> **Activity**
Output the line that contains "All Team MLB" together with each line after it, through the final line of the listing below, word for word; omit pictures.

══ Source data

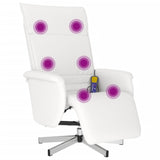 Fauteuil inclinable de massage repose-pieds blanc similicuir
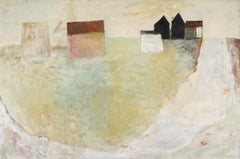 Capanne, dipinto a olio su tavola di Mary Newcomb, 1964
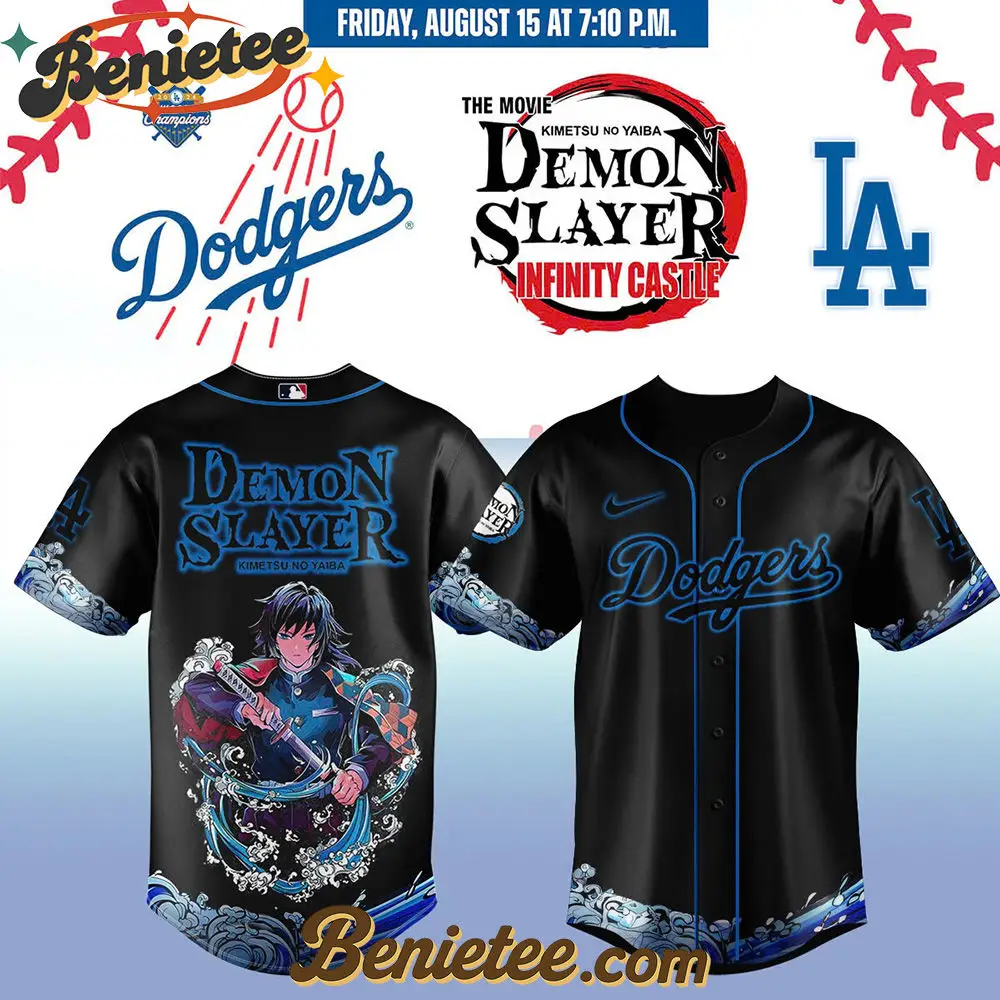 All Team MLB Los Angeles Dodgers x Demon Slayer Baseball Jersey 2025 v10, Custom Anime Trending, Gift For Anime Lovers - Benietee Shop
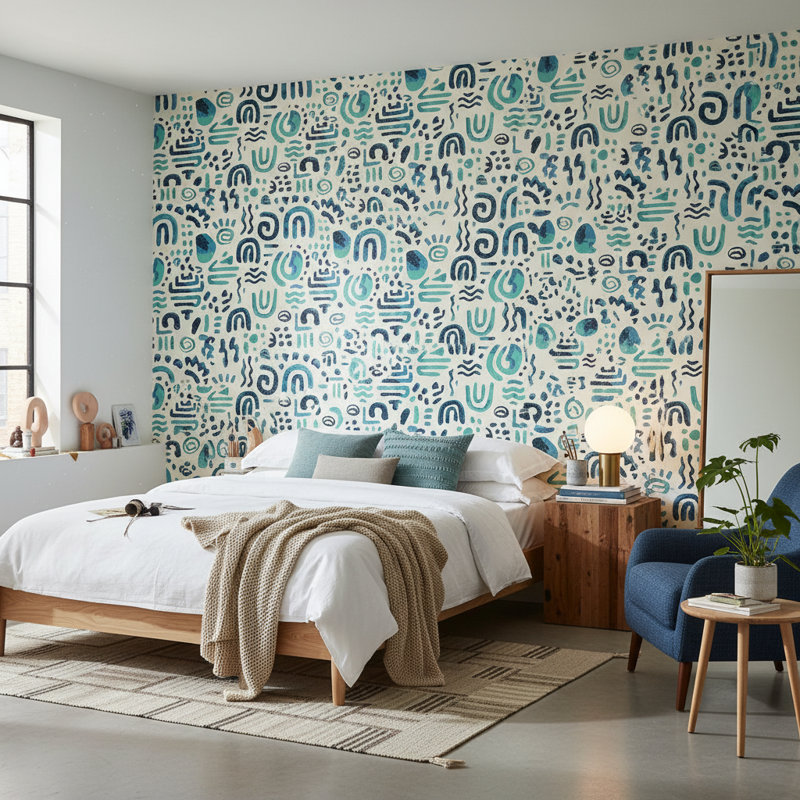 Papier peint abstrait géométrique bleu sarcelle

════

> **Answer section**
 All Team MLB Los Angeles Dodgers x Demon Slayer Baseball Jersey 2025 v10, Custom Anime Trending, Gift For Anime Lovers - Benietee Shop
 Papier peint abstrait géométrique bleu sarcelle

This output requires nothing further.